Zusammenfassung (Englisch)

Primary succession in glacier forelands acted worldwide and multiple as research topic. The glacier retreat in the Ötztal Alps has been observed and well documented since a long time. The aim of my thesis was to investigate primary succession of three glacier forelands. The investigation has focused on the development along the chronosequence rather than on the recording of all occurring communities. Disturbed areas have not been studied. Two glacier forelands with similar bedrock (calcareous and siliceous rocks intermingled) were compared to one on siliceous bedrock.
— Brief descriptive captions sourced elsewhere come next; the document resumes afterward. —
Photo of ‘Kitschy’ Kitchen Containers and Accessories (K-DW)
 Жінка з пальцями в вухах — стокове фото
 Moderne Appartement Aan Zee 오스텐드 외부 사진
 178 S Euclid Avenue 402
Three adjacent glacier forelands in the Ötztal Alps with similar size and extent were selected: Gaisbergtal, Rotmoostal and Langtal. In each of the valleys 100 relevés (3x3 m) were performed along the chronosequences. In addition, parameters such as altitude [m above sea level] inclination [gon], maximum height [cm], average height [cm], total coverage [%], coverage of herbaceous plants, coverage of mosses and lichens [%] and the soil pH were determined. The period since deglacistion was identified by means of GPS data and glacier retreat maps. Data were analyzed by means of TWINSPAN-classification. The clarification of the correlation between site factors and plant species or associations was conducted with ordinations (multivariate statistics).

On the investigated glacier forelands different successional stages were distinguished: pioneer stages, early successional stages and initial grasslands. The pioneer stage at Rotmoostal and Gaisbergtal can be divided in a species-poor and a species-rich one. At Rotmoostal and Langtal the initial grasslands from the orographic left and right sides of the valley were remarkably different. A syntaxonomic assignment to species associations was not possible. The different successional stages arranged along the time gradient.

The successional stages in Gaisberg- and Rotmoostal differ significantly from those at Langtal ragarding species composition and abundance. This can be explained by the different geology. While Gaisberg- and Rotmoostal are both influenced by the Schneeberg-complex and the ÖtztalStubai-complex, resulting in a mixture of limstone and silicate in the two valleys, the Langtal is determined only by the Ötztal-Stubai complex, which is composed of silicates and leads to acidic soil formation.